Mazda Arata represents Japanese automaker’s another attempt in e-SUV realm

Mazda Arata represents Japanese automaker’s another attempt in e-SUV realm

Amidst the electrifying atmosphere of the ongoing Beijing Auto Show in China, Japanese automotive brand Mazda Motor Corporation unveiled its latest masterpiece – the Arata electric SUV concept. The Mazda Arata, a sleek-looking e-SUV has been introduced as a concept vehicle, and it is expected to go into production before the end of 2025. Marking a significant stride towards Mazda’s electrification targets, the Arata is a joint effort by a 50:50 joint venture (JV) between Changan Automobile and Mazda that was founded in the year of 2012. It may be noted here that the same JV was responsible for the development of the EZ-6 sedan.

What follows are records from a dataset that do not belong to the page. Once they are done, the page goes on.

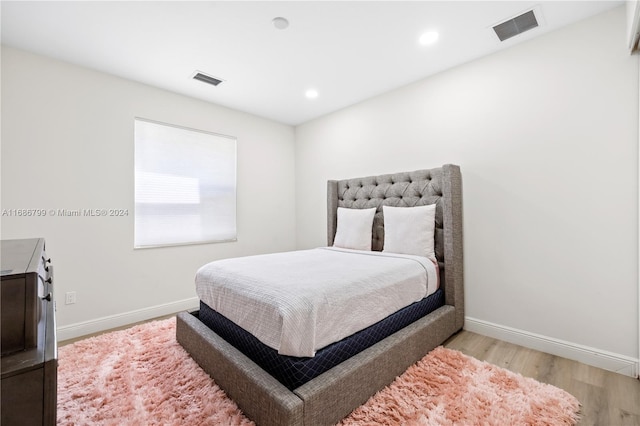 bedroom with light hardwood / wood-style floors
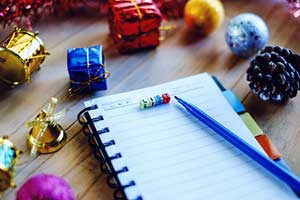 A spiral-bound notebook with colorful Christmas ornaments, small wrapped presents, and colorful letters spelling "LIST" on it. A blue pen lies beside the notebook.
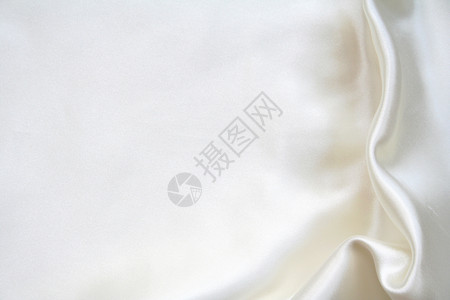 平滑优雅的白色丝绸可用作背景奢华折痕寝具婚礼版税衣服涟漪新娘投标织物背景图片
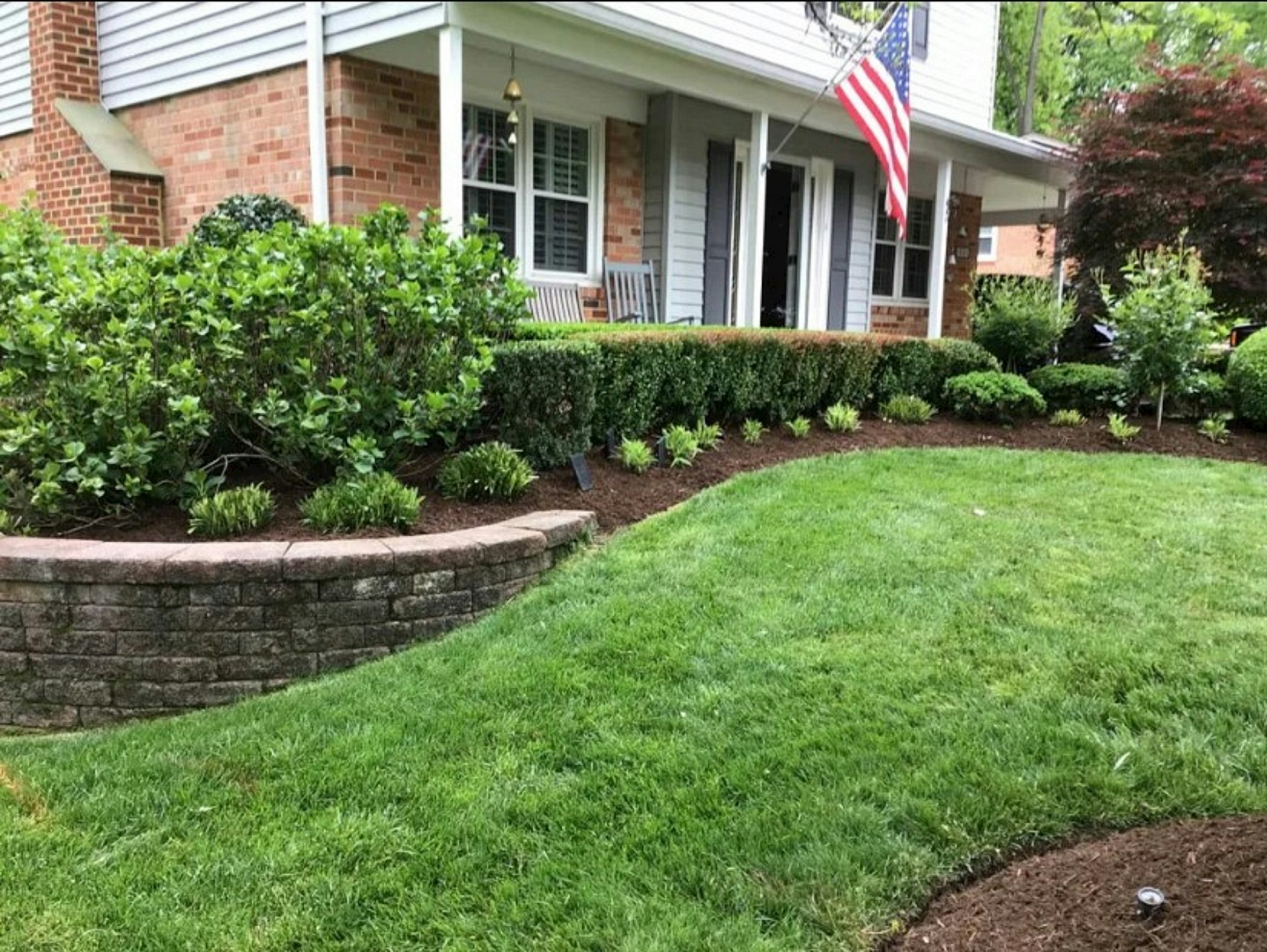 Well-maintained brick home with landscaped front yard, hedges, and lush green lawn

The new e-SUV will likely assume a different name for its production version. Most probably, the company will use an alphanumeric moniker for the vehicle, echoing the designations of its other SUVs. As the "EZ-60" nameplate has already been trademarked in China, it might be used for this upcoming e-SUV.

The Arata (a Japanese word meant for “fresh” or "new") is quite attractive in design too. While the EZ-6 sedan is expected to be a Changan Depal SL03 in new form, the EZ-60 is expected to be founded on the Changan Deepal S7. Moreover, the Arata’s impact will likely extend beyond its captivating design. According to analysts, it is a bold statement signaling the company’s readiness to embrace electrification. Looking significantly more upmarket, it will likely also carry a high price tag.

The e-SUV boasts the familiar Kodo design language along with relatively small windows and lustrous lights at the front as well as at the rear. Just like the sedan, the e-SUV features an illuminated grille. The notable "Mazda" script also irradiates, making its presence felt on the sides. Conventional mirrors have made way for cameras, while door handles and a rear wiper have also been done away with.

Other notable features of the vehicle include a chunky spoiler crossed by a vertical third brake light extending to the roof panel. The quarter panel’s design gives the impression of flying buttresses but it remains unclear if there is an actual hole. However, many of these features may change as the e-SUV is still a concept.

The Atara isn’t just Mazda’s triumph in terms of aesthetics; it is a testament to the brand’s undeterred commitment to the environmental responsibility. The e-SUV highlights the brand’s determination to slash its carbon footprint without making any compromise on style or performance.